The N.C. House of Representatives approved 78-34 a second reading of a bill that is expected to bar public projects from using the U.S. Green Building Council’s LEED program, reports the Charlotte Business Journal.

House Bill 628 — titled Protect/Promote NC Lumber — says those projects may use “a nationally recognized high-performance environmental building rating system” if that green building program doesn’t use a credit system “disadvantaging materials or products manufactured or produced” in North Carolina.

That will effectively block the use of Leadership in Energy and Environmental Design rating system, says Emily Scofield, USGBC-NC executive director.

House Bill 628 compelled representatives to protect North   Carolina’s timber industry without providing evidence that the industry has suffered as a result of LEED certification,” Scofield said after the House vote. “The USGBC NC and its supporters worked to present the facts to our representatives that all N.C. forest products can contribute to points toward certification under the regional materials credits of LEED and some can also contribute to the certified wood credit.”

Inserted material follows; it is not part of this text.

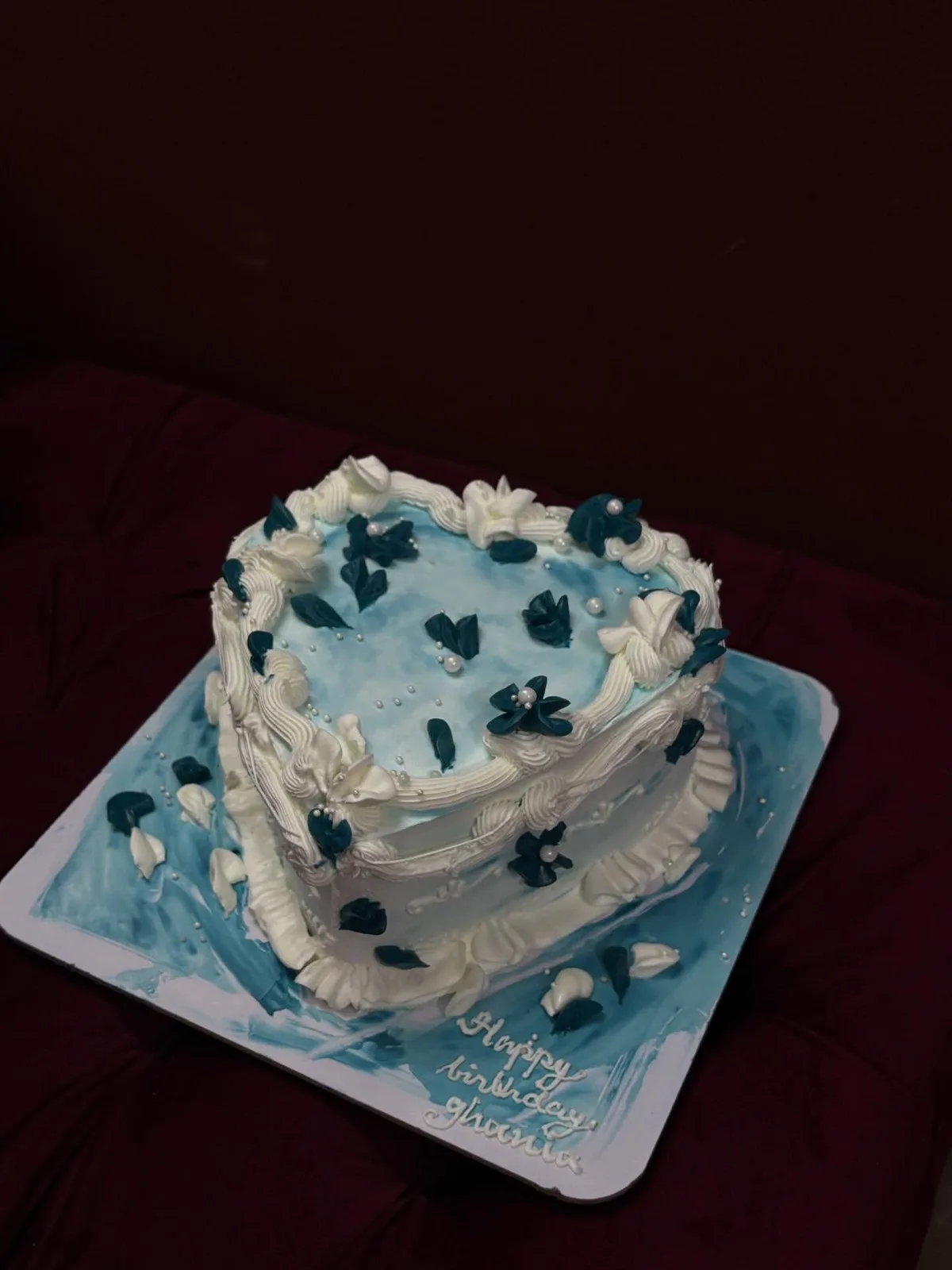 Blue and white heart birthday cake with piped ruffles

HB 628 was originally expected to be legislation calling for a study, Rep. Ruth Samuelson said during debate on the House floor this afternoon.  Samuelson said she received numerous emails with concerns on the impact of the legislation after it was introduced, adding that there was uncertainty as to how the bill would affect Charlotte-based Nucor Corp., concrete makers and other companies that are part of the green building industry.

Samuelson offered an amendment that would delay the bill’s enactment to July 1, 2014. Her amendment also called for that deadline to apply to “construction and renovation projects for which the bidding process is initiated on or after that date.”

But Rep. Mark Brody (R-Union) called for the amendment to be voted down: “LEED does not hold the secret to green building.” Samuelson told other house members that, whether they supported or opposed the LEED program, that there was a “whole heck of a lot of jobs tied to it.”  “Why would we not take the time to look into the potential problems and solve them in the year?” she says of any unintended consequences of HB 628.

But Rep. Mike Hager (R-Rutherford) said any delays would hurt economic development in the state. “I need to add jobs now,” Hager said, calling for opposition to Samuelson’s amendment. “If you are for jobs, you will vote for this amendment,” Samuelson responded.

Samuelson’s amendment failed in a 53-58 vote.

A third and final reading of the bill is pending. If HB 628 is approved, it will still require support from the state senate. The state’s USGBC chapter plans to continue its efforts to stop the bill.